Power Measurement and Management on Chameleon
Exploring Power Monitoring Techniques with RAPL, DCMI, and Scaphandre
- June 18, 2024 by
- Michael Sherman
A common question we get is "how can I see how much power my node is using?" Because the node is sitting in one of Chameleon's Datacenters, we can't just plug it into a smart outlet and watch what it draws (There are smart PDUs on the market, we just don't have them right now).
However, all of our "server-class" nodes make this information available to the operating system, and we can get at this information in a few ways. The Intel RAPL (Running Average Power Limit Energy Reporting) framework has the CPU self-report information about the joules used by each processor, and by other subsystems, such as memory.
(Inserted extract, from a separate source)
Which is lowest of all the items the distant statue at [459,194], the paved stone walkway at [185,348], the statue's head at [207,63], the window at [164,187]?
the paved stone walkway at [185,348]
The "baseboard management controller (BMC)" on each system may also provide information from the power supplies, this can be useful for getting a total system level measurement including fans, cooling, and other overhead.
Getting system-level power information from the BMC
Most "normal" Chameleon bare metal nodes support IPMI and the "Data Center Manageability Interface (DCMI)". This includes all of the Intel and AMD based compute_
and gpu_
nodes. Some special case nodes like FPGAs and arm64 do not support this, as the vendor didn't implement the interface.
sudo apt install freeipmi-tools
sudo ipmi-dcmi --get-system-power-statistics
Current Power : 226 Watts
Minimum Power over sampling duration : 0 watts
Maximum Power over sampling duration : 650 watts
Average Power over sampling duration : 236 watts
Time Stamp : 06/18/2024 - 16:49:22
Statistics reporting time period : 1000 milliseconds
Power Measurement : Active
This data is generally accurate, but doesn't update very frequently (usually several seconds at the fastest). It's most useful for logging power data over hours to days.
RAPL: Getting information from the CPU
Intel's RAPL makes information available via several registers, including MSR_PKG_Energy_Status
and MSR_PP0_Energy_Status
, which update on the order of milliseconds. This makes information available with a much finer time resolution than from the BMC, but it is not "complete", generally only including power usage from the CPU and Memory subsystems.
Rather than write code to query these interfaces directly, we'll leverage some existing tools to get at the data.
A simple example with Perf
For more detailed and timely information, we can query the CPU using the RAPL interface. This information is updated on the order of milliseconds, although we are limited by the overhead of querying it.
First, for a simple example with "perf":
# install linux-tools for your running kernel, to get the `perf` tool
sudo apt-get install "linux-tools-$(uname -r)"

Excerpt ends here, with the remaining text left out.